The developer has every right to take out the specific trees identified in the proposal because of the way the tree code is interpreted and according to Kohlhoff, that's the problem.
"I've worked my tail off to try to say this is a bad ordinance," she said.
Kohlhoff added that there needs to be, at the very least, a balancing of preserving natural resources with economic development.
"It is so important to me because look outside," Kohlhoff said. "We are burning. We are burning up. What part of needing these trees do you not see? We don't need money at this point, we need life."
Johanna Hastay, senior planner with the city of Lake Oswego, said the DRC found that the project complied with development standards. Since the applicant requested to remove 112 trees under the Type II removal process, the applicant had to do an alternative analysis and would be required to plant 138 native trees on the site.
Hastay said the city's tree code has gone through various iterations and has experienced push and pull between balancing development rights on private property and trying to protect the community's character. She said the criteria focuses on trying to figure out whether or not the removal of those trees would have a significant negative impact on the neighborhood's aesthetic.

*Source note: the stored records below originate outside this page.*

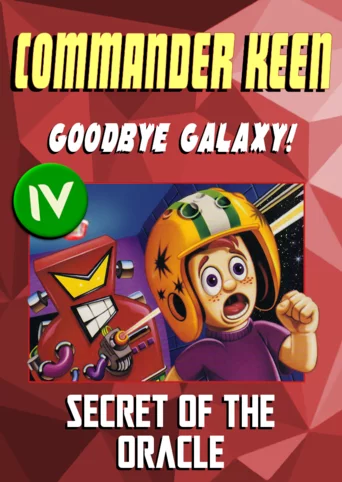 Commander Keen in Goodbye, Galaxy!: Secret of the Oracle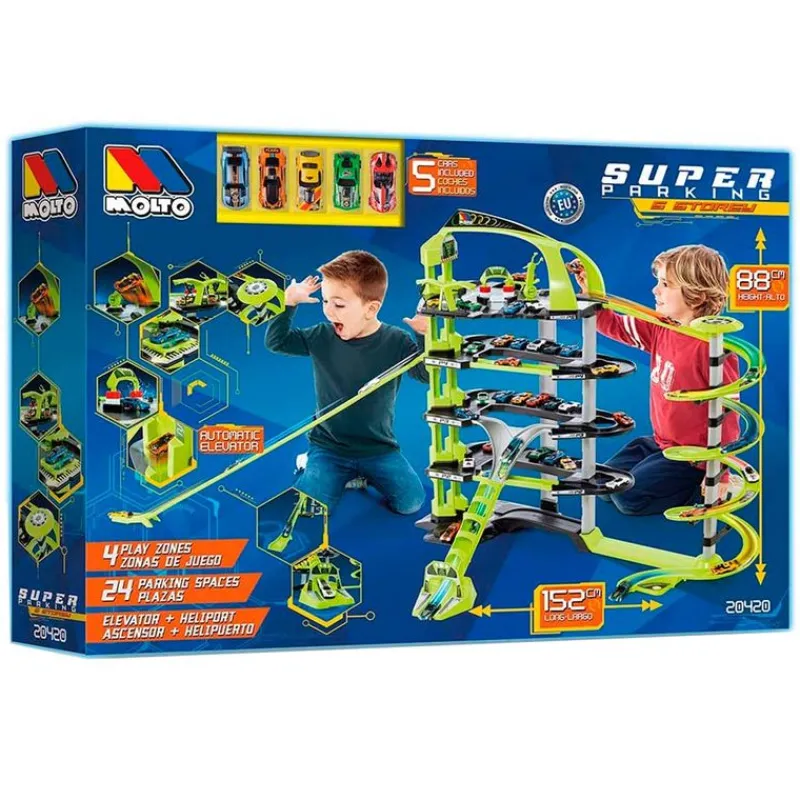 Super Parking 5 Pisos*MOLTO Clearance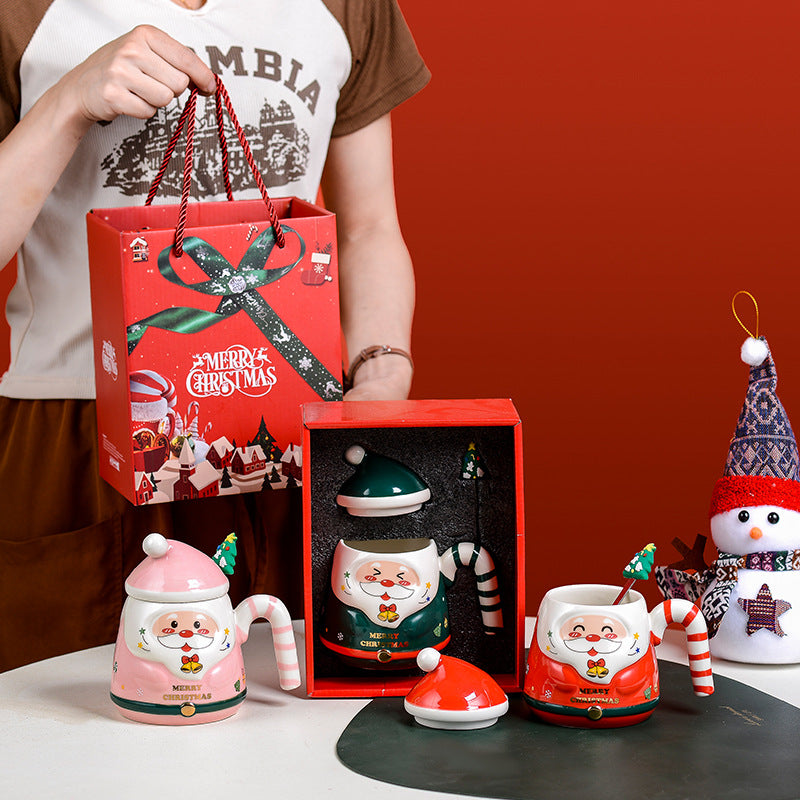 Fun Santa Claus Christmas Ceramic Mug: Popular Amazon Gift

If there is, then the focus is on whether or not there's a reasonable alternative.
People in opposition felt Shorenstein didn't do a sufficient analysis in their alternative presentations to preserve more trees.
Dana Krawczuk, a land-use attorney, said Shorenstein has worked for years to evaluate alternatives.
"The only evidence that's been submitted is the alternative plans we provided, and the expert testimony shows there are not any other alternatives that lessen the impacts of trees," Krawczuk said.
While there was no public comment in favor of the project, several community members opposed it. The appellant and Lake Forest Neighborhood Association Co-Chair Virgina McDowell said the project did not meet city code and that the design alternatives to save more trees were not reasonable. Therefore, she said, the applicant did not correctly consider alternatives.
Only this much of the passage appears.